- Bangwaketse Location within Botswana
- Coordinates: 24°59′S 25°21′E﻿ / ﻿24.983°S 25.350°E
- Country: Botswana
- Time zone: UTC+2 (Central Africa Time)
- • Summer (DST): UTC+2 (not observed)

= Bangwaketse =

Tribe in Botswana

The Bangwaketse (also known as the BaNgwaketse, or Ngwaketse) are one of the eight principal tribes in Botswana, and are ethnic Tswana. (The "Ba" or "Bo" prefix in African tribal names in Setswana means "people of" or "people who speak". "Ma" means "person of".) Kanye is the original Bangwaketse village located in the Southern District settled in 1853, originally called Ntsweng Hill. The king of the tribe is King Malope II, son of Seepapitso IV. The Bangwaketse people live in the arid mountainous region of Southern Botswana mentioned in the book Cherub: Guardian Angel. It is bordered by Moshupa, Lobatse, and Jwaneng, and it is a 45-minute drive from Gaborone, the capital city of Botswana. The village is served by Kanye Airport.

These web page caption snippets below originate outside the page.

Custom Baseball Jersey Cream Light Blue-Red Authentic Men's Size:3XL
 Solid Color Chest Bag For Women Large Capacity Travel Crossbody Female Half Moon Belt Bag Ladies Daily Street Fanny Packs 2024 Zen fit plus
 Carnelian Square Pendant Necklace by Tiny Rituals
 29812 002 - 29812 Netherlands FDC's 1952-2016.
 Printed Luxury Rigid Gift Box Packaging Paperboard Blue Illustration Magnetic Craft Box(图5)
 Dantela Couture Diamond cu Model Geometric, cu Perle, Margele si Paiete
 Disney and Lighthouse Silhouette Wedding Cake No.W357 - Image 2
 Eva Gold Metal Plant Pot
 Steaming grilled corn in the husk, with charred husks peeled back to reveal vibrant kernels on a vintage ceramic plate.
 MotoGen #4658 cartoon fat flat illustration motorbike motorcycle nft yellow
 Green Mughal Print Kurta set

A documentary on the Bangwaketse royal family was filmed in 2003–2005: "The Queen's Courtyard".

== Villages ==

| Population 2022 | Total | Male | Female |
|---|---|---|---|
| Ngwaketse | 140,296 | 67,909 | 72,387 |
| Village Kanye | 48,028 | 22,273 | 25,755 |
| Village Ranaka | 3,207 | 1,489 | 1,718 |
| Village Lotlhakane West | 2,056 | 944 | 1,112 |
| Village Gasita | 1,188 | 561 | 627 |
| Village Lorolwana | 2,225 | 1,007 | 1,218 |
| Village Kgomokasitwa | 1,669 | 823 | 846 |
| Village Pitseng | 1,526 | 704 | 822 |
| Village Lekgolobotlo | 1,334 | 639 | 695 |
| Village Seherelela | 884 | 403 | 481 |
| Village Lotlhakane | 6,045 | 2,751 | 3,294 |
| Village Sese | 6,798 | 3,469 | 3,329 |
| Village Sesung | 1,006 | 483 | 523 |
| Village Magotlhwane | 1,751 | 845 | 906 |
| Village Segwagwa | 1,008 | 479 | 529 |
| Village Manyana | 3,750 | 1,763 | 1,987 |
| Village Dipotsana | 113 | 67 | 46 |
| Village Diabo | 261 | 116 | 145 |
| Village Molapowabojang | 8,722 | 4,024 | 4,698 |
| Village Ralekgetho | 554 | 250 | 304 |
| Village Moshaneng | 1,961 | 906 | 1,055 |
| Village Moshupa | 23,858 | 11,097 | 12,761 |
| Village Ntlhantlhe | 2,842 | 1,326 | 1,516 |
| Village Tshwaane | 193 | 89 | 104 |
| Village Selokolela | 1,750 | 766 | 984 |
| Village Mogonye | 1,081 | 514 | 567 |
| Village Betesankwe | 507 | 255 | 252 |
| Village Gathwane | 1,099 | 528 | 571 |
| Village Digawana | 4,356 | 2,033 | 2,323 |
| Village Magoriapitse | 1,048 | 482 | 566 |
| Village Lejwana | 829 | 393 | 436 |
| Village Mogojogojo | 981 | 477 | 504 |
| Village Mmathethe | 5,421 | 2,445 | 2,976 |
| Village Mokgomane | 847 | 397 | 450 |
| Village Digawana | 4,356 | 2,033 | 2,323 |
| Village Magoriapitse | 1,048 | 482 | 566 |
| Village Lejwana | 829 | 393 | 436 |
| Village Mogojogojo | 981 | 477 | 504 |
| Village Mmathethe | 5,421 | 2,445 | 2,976 |
| Village Mokgomane | 847 | 397 | 450 |

== Notable people==
- Quett Masire – former President of Botswana
- Bathoen Gaseitsiwe – Kgosi of the BaNgwaketse and Leader of the Opposition in the National Assembly
- Archibald Mogwe – former Botswana foreign minister and former Ambassador.
- Mpule Kwelagobe – investor, businesswoman, model and beauty queen from Gaborone, Botswana who was crowned Miss Universe in May 1999.